Par conséquent, le chantier royal de généralisation de la protection sociale est considéré comme un véritable tournant dans le processus de réforme globale du système économique dans sa dimension sociale, permettant ainsi aux travailleurs de bénéficier de leurs droits en matière de couverture médicale et d'allocation familiale, en plus de l'élargissement de la base des adhérents aux régimes de retraite pour inclure, à l'horizon 2025, les catégories des professionnels et travailleurs indépendants et personnes non-salariées qui exercent une activité libérale, afin d'englober toutes les catégories concernées.
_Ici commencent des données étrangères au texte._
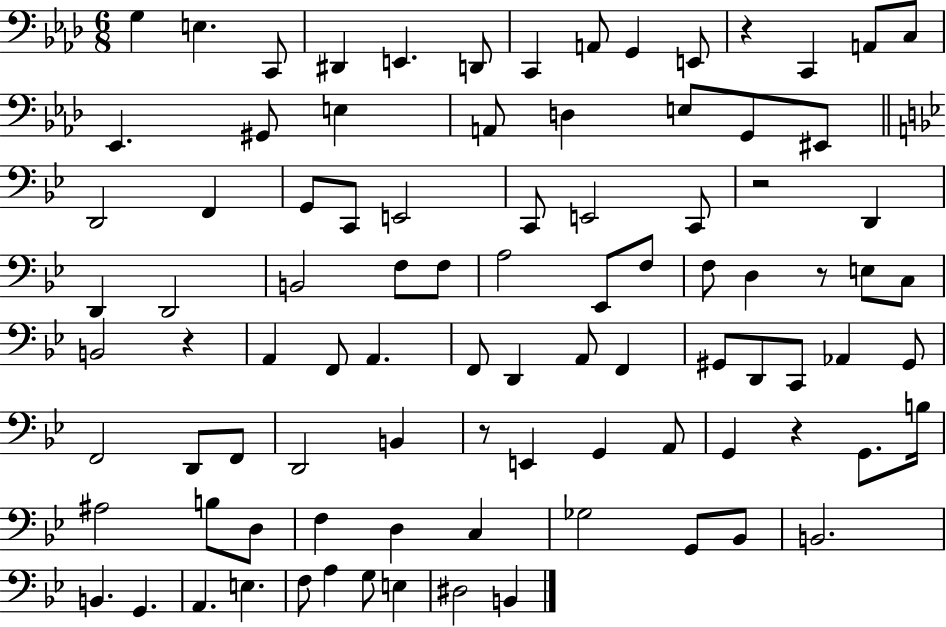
G3/q E3/q. C2/e D#2/q E2/q. D2/e C2/q A2/e G2/q E2/e R/q C2/q A2/e C3/e Eb2/q. G#2/e E3/q A2/e D3/q E3/e G2/e EIS2/e D2/h F2/q G2/e C2/e E2/h C2/e E2/h C2/e R/h D2/q D2/q D2/h B2/h F3/e F3/e A3/h Eb2/e F3/e F3/e D3/q R/e E3/e C3/e B2/h R/q A2/q F2/e A2/q. F2/e D2/q A2/e F2/q G#2/e D2/e C2/e Ab2/q G#2/e F2/h D2/e F2/e D2/h B2/q R/e E2/q G2/q A2/e G2/q R/q G2/e. B3/s A#3/h B3/e D3/e F3/q D3/q C3/q Gb3/h G2/e Bb2/e B2/h. B2/q. G2/q. A2/q. E3/q. F3/e A3/q G3/e E3/q D#3/h B2/q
Cela signifie l'élargissement de la base des fonds de pension pour inclure plus de 5 millions de personnes de plus, ce qui représente, de surcroît, le renforcement des régimes de retraites en vigueur car plus la base d'adhérents est grande, plus les services qu'ils fournissent peuvent être garantis sur la durée. Les salariés, y compris certaines catégories du secteur informel, pourront également bénéficier d'une indemnité pour perte d'emploi en 2025, en simplifiant les conditions et en élargissant la base des bénéficiaires.
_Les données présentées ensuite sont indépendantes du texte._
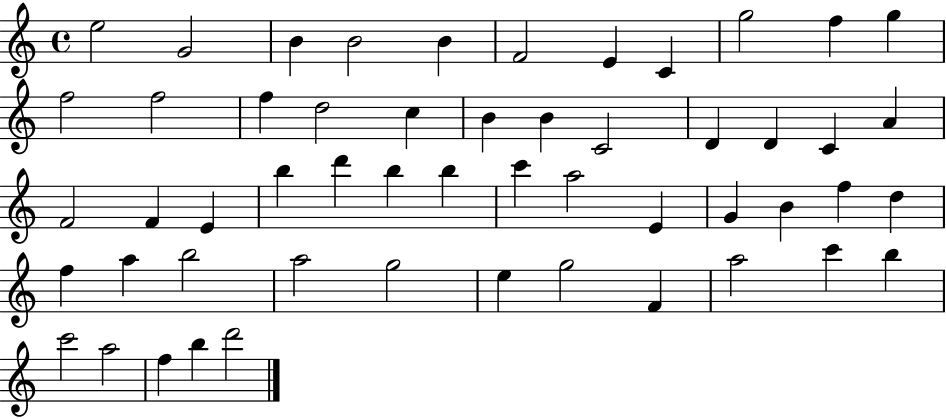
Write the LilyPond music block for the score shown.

{
  \clef treble
  \time 4/4
  \defaultTimeSignature
  \key c \major
  e''2 g'2 | b'4 b'2 b'4 | f'2 e'4 c'4 | g''2 f''4 g''4 | \break f''2 f''2 | f''4 d''2 c''4 | b'4 b'4 c'2 | d'4 d'4 c'4 a'4 | \break f'2 f'4 e'4 | b''4 d'''4 b''4 b''4 | c'''4 a''2 e'4 | g'4 b'4 f''4 d''4 | \break f''4 a''4 b''2 | a''2 g''2 | e''4 g''2 f'4 | a''2 c'''4 b''4 | \break c'''2 a''2 | f''4 b''4 d'''2 | \bar "|."
}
Bien entendu, la couverture médicale universelle nécessitera de relever un certain nombre de défis qui concernent en particulier le taux d'encadrement médical et le déficit en ressources humaines et sa répartition géographique disproportionnée. Cela implique également d'adopter des mesures d'accompagnement relatives à l'intensification des programmes de formation et d'emploi des compétences médicales et des professionnels de santé, pour répondre à la demande à venir qui s'intensifiera parallèlement à la mise en œuvre de ce chantier sociétal.
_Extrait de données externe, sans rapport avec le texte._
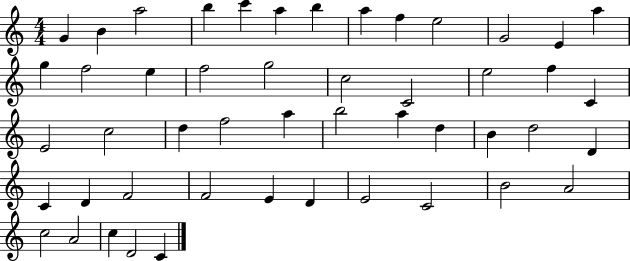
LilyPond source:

Pour conclure, je tiens à souligner que l'UNTM, tout en saluant ce chantier Royal de premier plan en tant que réforme structurelle inédite au profit des travailleurs marocains, s'engagera positivement, à travers le dialogue social ou par le biais de ses représentants au sein de la Chambre des conseillers, pour venir à bout de ce projet et approuver toutes les lois organiques y afférentes. Nous sommes devant un chantier national d'envergure et une véritable révolution sociale, qui aura des répercussions majeures sur l'amélioration de la qualité de vie de toutes les couches de la société marocaine.